When I first discovered that I had a passion for creating neat stuff on the web, I knew I had two choices: go back to school and get an expensive degree, or read a lot of books and teach myself what I wanted to know. Because at that time I was paying my rent with solely a freelance jazz musician’s income, I opted for the second choice. And among all the books that now line my shelves, one that had a huge impact on me was Jason Beaird’s The Principals of Beautiful Web Design, given to me by my brother-in-law as it were.
On just page five of that book, Jason had already said something that really struck me. He said that for him, the design process for any project always begins with a 79-cent spiral-bound notebook and any writing utensil he can find on his desk that still works. I had several thoughts upon reading this: isn’t that a little low-tech? …and… I thought this book was about WEB design …and… I’m not exactly amazing at drawing by hand.
And it wasn’t until I had completed the first full website project that I fully understood what Jason was talking about.
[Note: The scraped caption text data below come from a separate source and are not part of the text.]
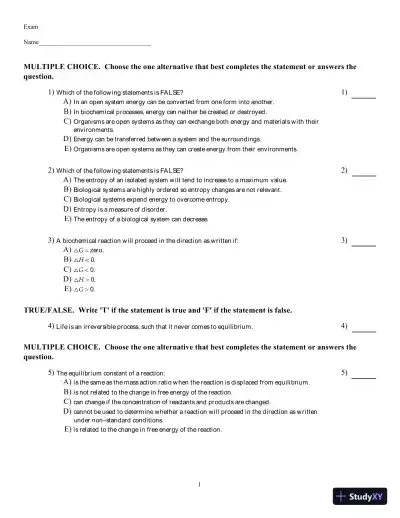 Marketing: An Introduction, 13th Edition Test Bank - Page 20 preview image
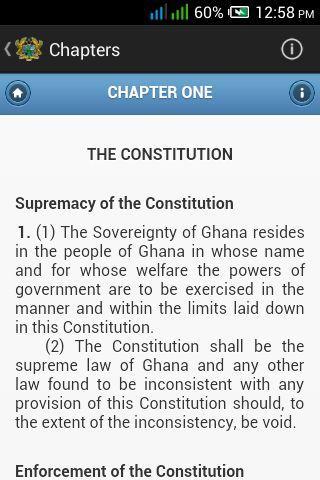 Ghana Constitution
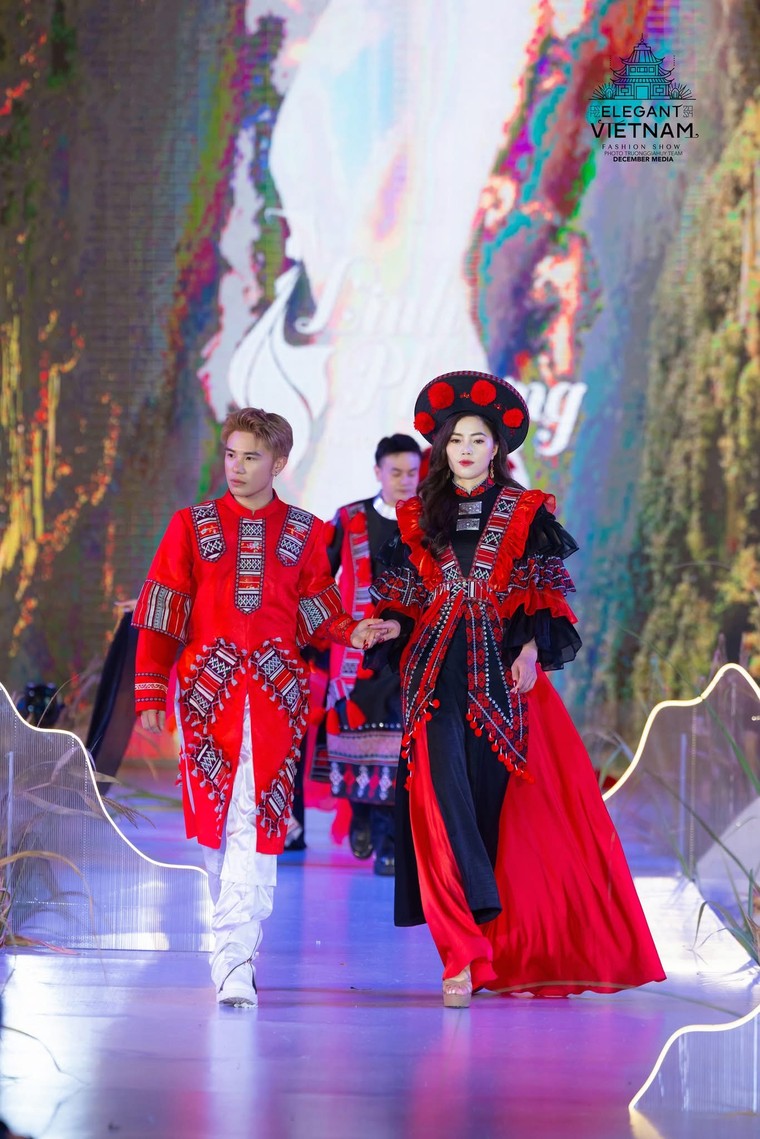 Elegant Vietnam Fashion Show: Sự giao thoa giữa trang phục truyền thống với hơi thở hiện đại ảnh 3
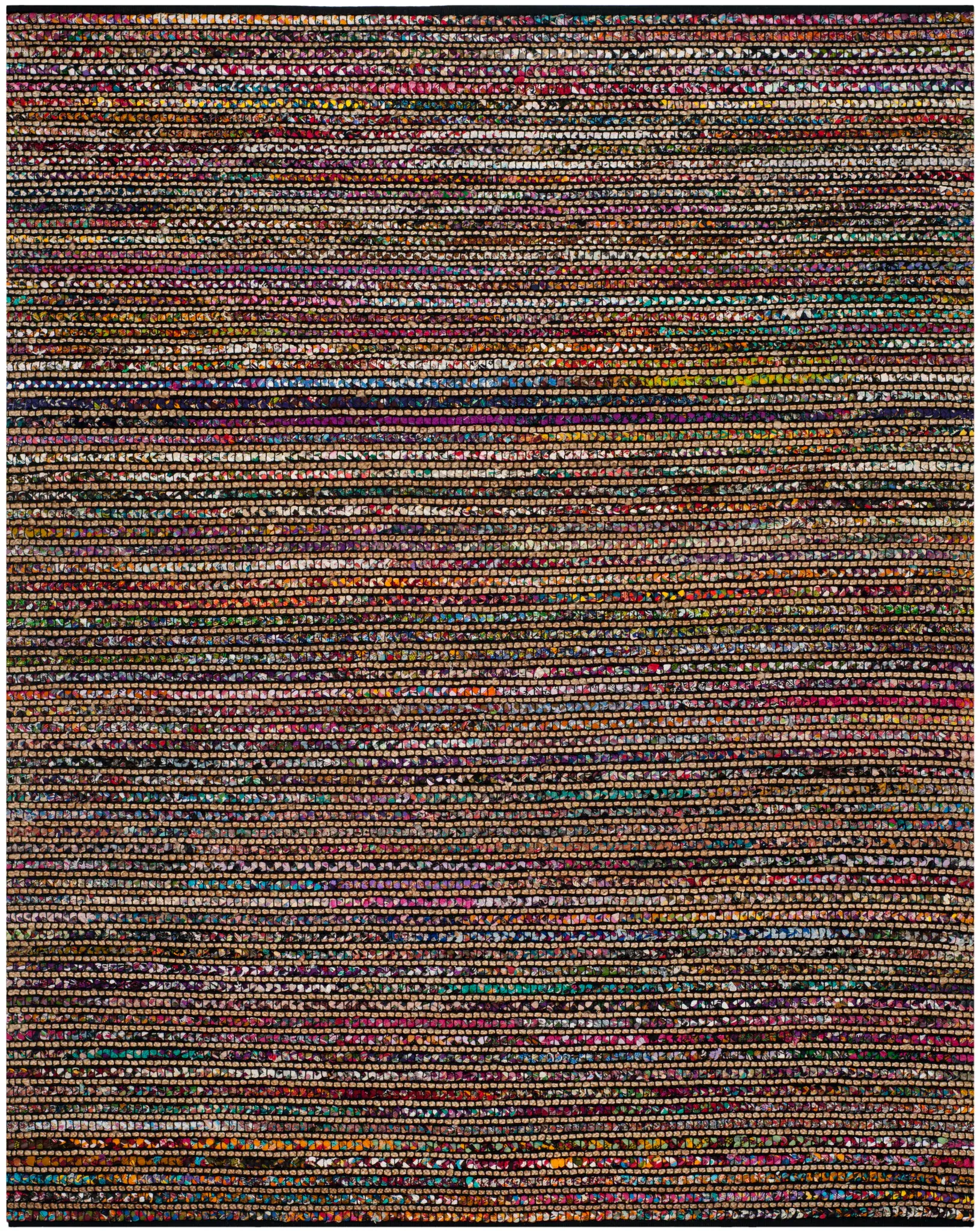 Cape Cod Beaded Stripe Hand-Woven Rug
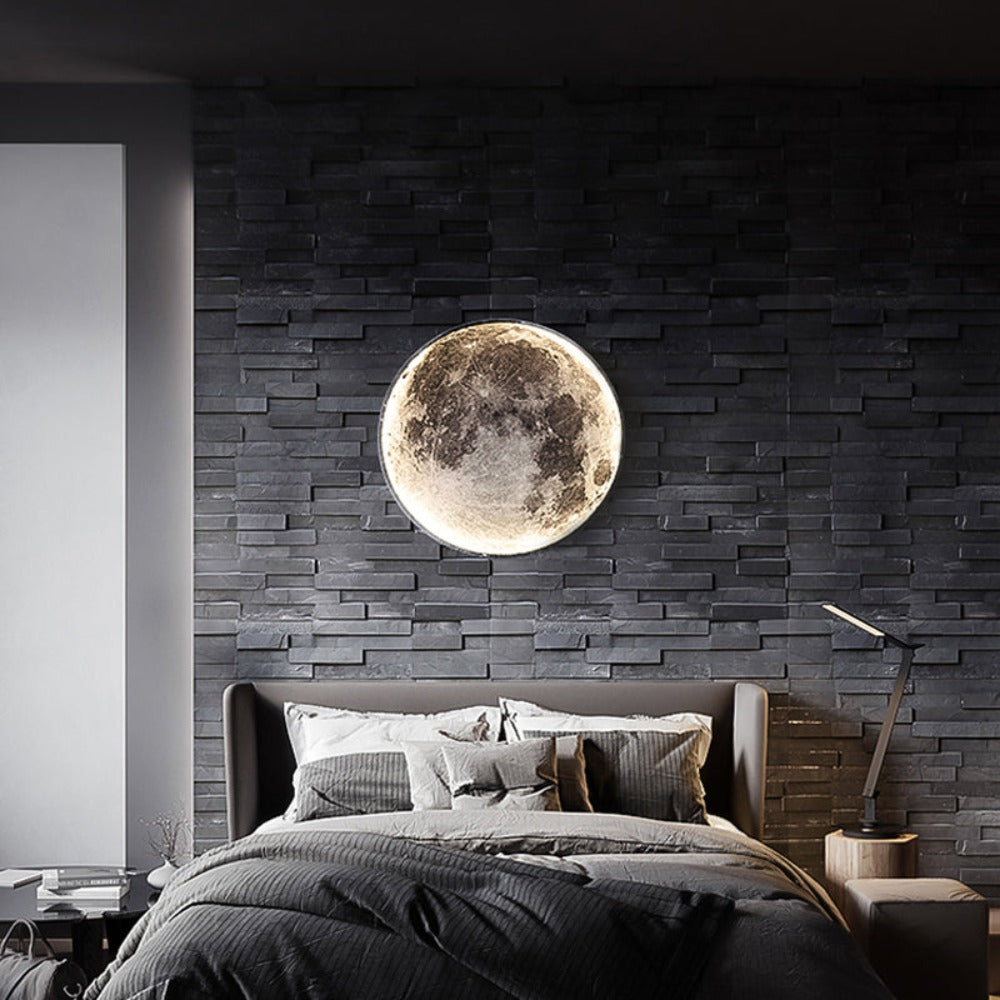 LED Moon Sconce Ceiling Lights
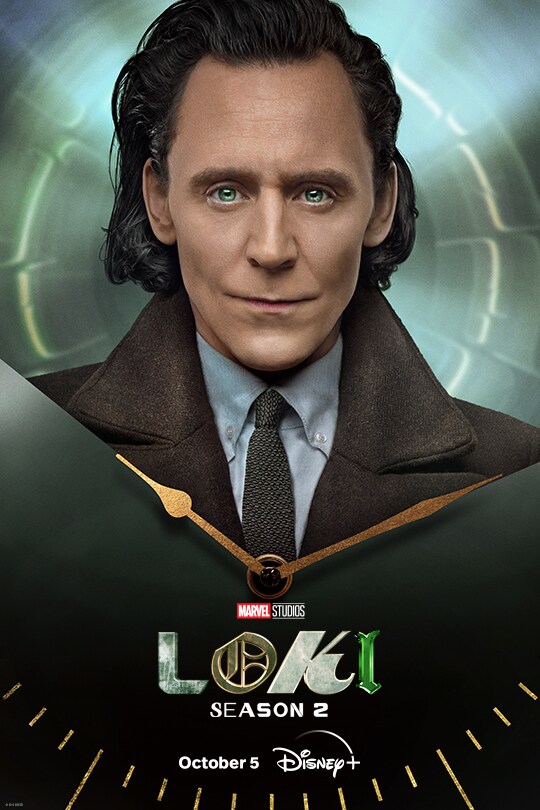 Marvel Studios | Loki | Season 2 | October 5 | Disney+ | movie poster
If I begin the design process on a computer, without even realizing it I am limiting the design from the get-go. The reason for this is that the moment I start thinking about how the design will be represented by code, or how to format elements, or how I will position various elements on the page, I have ceased focusing my attention on the design itself and moved into the realm of technical details. However, if I start from scratch with just a piece of paper and a pencil, the sky is the limit. I can draw whatever comes to mind. The only thing that can limit me is my own imagination.
As a musician, I often see parallels between my work on the web and my work in music, and it’s easy for me to see one here. Starting a design on a computer is kind of like taking the first two measures of a song and arranging it for a ten-piece ensemble when the entire melody hasn’t even been composed yet. When I am writing a song, I typically will have an idea of the big picture before I get into minute details. I’ll know how the melody will sound and what the flow of the piece from start to finish will be like long before I consider the specific harmonic intervals between the saxophone and the trumpet. The same is true in web design. And just as I encourage designers to begin with a pencil in hand, I encourage musicians to let their imaginations run wild in a more general sense before fussing over small musical details.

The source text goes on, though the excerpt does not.